If the content to be scraped requires login to access, then you need to use Playwright to automatically fill in the username and password.

// login GitHub
await page.goto('https://github.com/login');
await page.fill('input[name="login"]', 'your_username');
await page.fill('input[name="password"]', 'your_password');
await page.click('input[type="submit"]');

The above code helps you automatically log in to GitHub.

Handling Pagination

If there are many pages of paginated content on the page.

// click "Next" button
const nextButton = await page.$('a[rel="next"]');
if (nextButton) {
  await nextButton.click();
  await page.waitForLoadState();
}

Handling Dynamically Loaded Content (Infinite Scrolling)

Some web page content is not paginated by clicking buttons but automatically refreshes the content of the next page through the mouse wheel. Playwright can handle this situation easily.

// Simulate scrolling to the bottom
await page.evaluate(() => {
  window.scrollTo(0, document.body.scrollHeight);
});
await page.waitForTimeout(2000); // Wait for the content to load

Playwright Anti-Scraping Mechanisms

Modify the User-Agent. If you don’t modify the User-Agent, Playwright’s default User-Agent is:

   User-Agent: Mozilla/5.0 (Windows NT 10.0; Win64; x64) AppleWebKit/537.36 (KHTML, like Gecko) HeadlessChrome/138.0.7204.23 Safari/537.36

The string HeadlessChrome in it can easily expose its traces, so it’s best to modify the User-Agent.

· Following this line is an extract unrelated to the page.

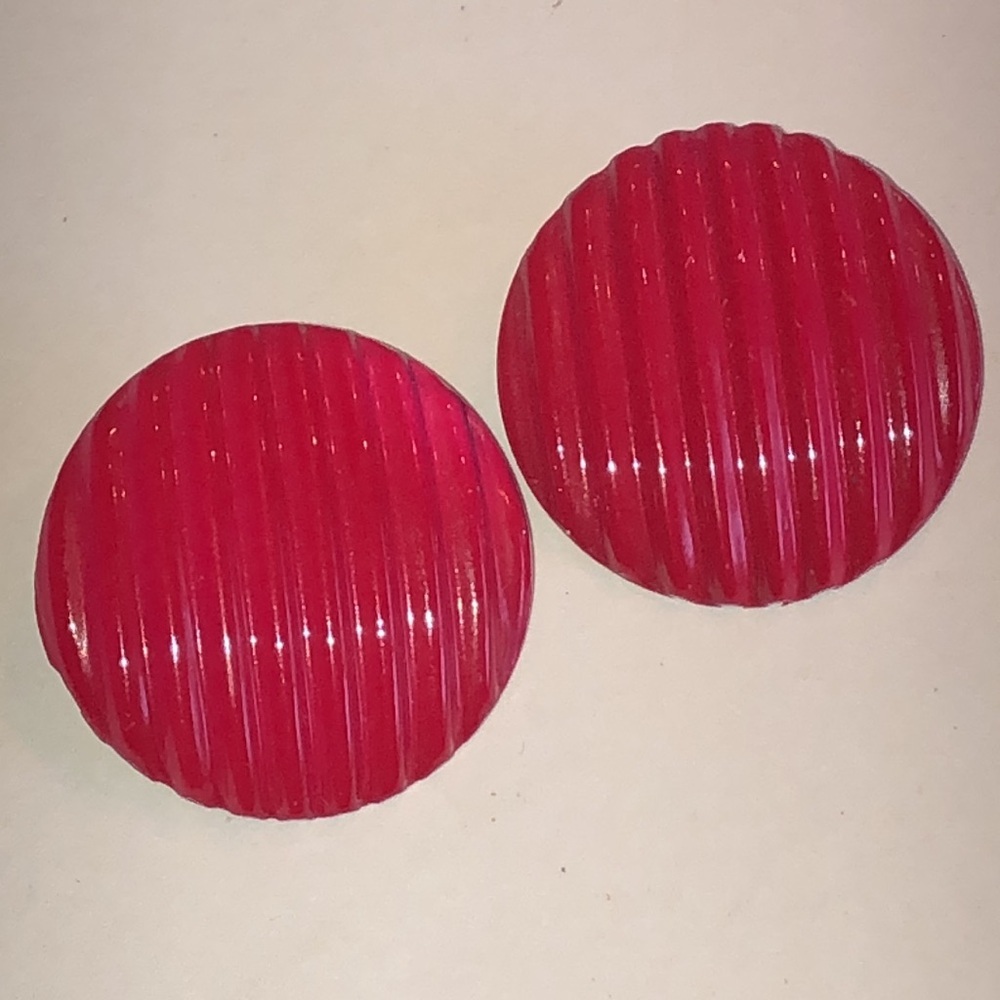 Dark Pink Magenta Ribbed Retro Boho Button Earrings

   const { chromium } = require('playwright');

   (async () => {
     const browser = await chromium.launch();

     // create custom User-Agent context
     const context = await browser.newContext({
       userAgent: 'Mozilla/5.0 (Windows NT 10.0; Win64; x64) AppleWebKit/537.36 (KHTML, like Gecko) Chrome/99.0.4844.84 Safari/537.36'
     });

     const page = await context.newPage();
     await page.goto('https://httpbin.org/user-agent');
     await page.screenshot({ path: 'user-agent.png' });

     await browser.close();
   })();

Add random delays to avoid overly frequent requests. If you access the same URL rapidly in a short period, the server can easily detect it as a scraping program.

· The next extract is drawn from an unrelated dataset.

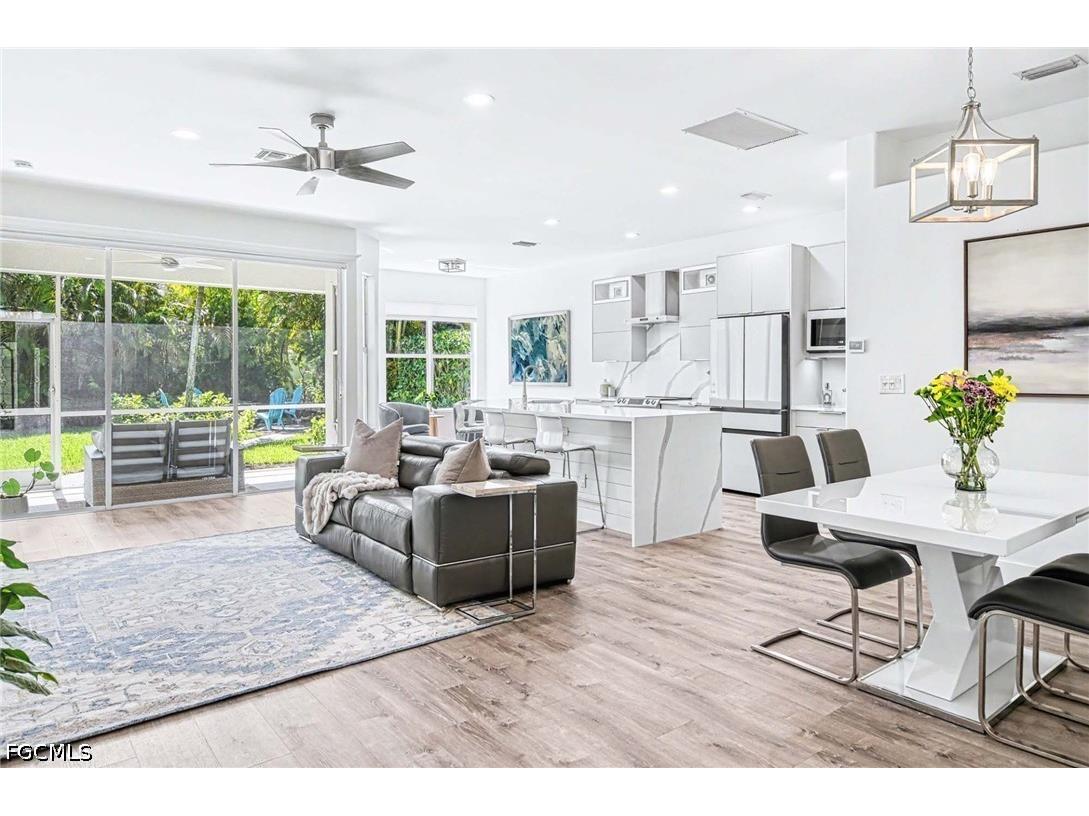 8324 Laurel Lakes Boulevard Naples FL 34119 2026029873 image3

   await page.waitForTimeout(Math.random() * 1000 + 500);

Use proxy IPs in Playwright. If you access a website too many times within a certain period, the same IP address can easily be detected and blocked by the server. In this case, you can use proxy IPs to solve this problem. Example code for using an HTTP proxy IP in Playwright:

   const { chromium } = require('playwright');

   (async () => {
     const browser = await chromium.launch({
       proxy: {
         server: 'http://proxy.example.com:8080',  // Proxy IP address
         // username: 'user',  // option：proxy username
         // password: 'pass',  // option：proxy password
       }
     });

     const page = await browser.newPage();
     await page.goto('https://api.ipify.org?format=json');
     console.log(await page.content());  // check proxy IP whether

     await browser.close();
   })();

If you are using a Socks5 proxy IP, the example code is as follows:

   const { chromium } = require('playwright');

   (async () => {
     const browser = await chromium.launch({
       proxy: {
         server: 'socks5://socks.example.com:1080',  // SOCKS5 proxy
         username: 'username',
         password: 'password'
       }
     });

     const page = await browser.newPage();
     await page.goto('https://example.com');

     await browser.close();
   })();

Playwright can also use different proxy IP addresses for different websites.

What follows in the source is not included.